The 86th floor is home to the Observation Deck, one of the most famous spots in all of New York. When you step out onto the platform time slows down. It’s open to the elements, and you’ll feel the breeze, with the city’s hum still audible, but quieted by the remove. The views are, of course, unparalleled. Main thoroughfares are seen as the arteries that they are, pulsing with traffic. Competitor buildings are reduced to the size of a child’s block set. The views from the deck go 360° and a look into the distances will reveal the curvature of the Earth. (You can see five states from here.)

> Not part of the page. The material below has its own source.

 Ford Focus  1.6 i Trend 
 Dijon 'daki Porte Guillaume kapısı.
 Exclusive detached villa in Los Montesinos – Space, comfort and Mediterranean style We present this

Like any good New York institution, the Empire State Building keeps late hours. It’s open until 2am, and every bit as spectacular showing off the city lights as it is in the daytime. (The best times for avoiding peak traffic is to get in before 10am, or after 11pm.) If you’re looking for a post-Broadway experience, the ESB can’t be beat. Experience it yourself and you’ll know immediately why it’s one of the Seven Wonders of the Modern World. 20 W. 34th St., 212-736-3100, esbnyc.com
ONE WORLD OBSERVATORY. There’s only one tallest. Only one strongest. And only one destination selected as the Best New Attraction in the World. These attributes belong to One World Trade Center, and its pinnacle, the One World Observatory, rising over 100 stories in the sky.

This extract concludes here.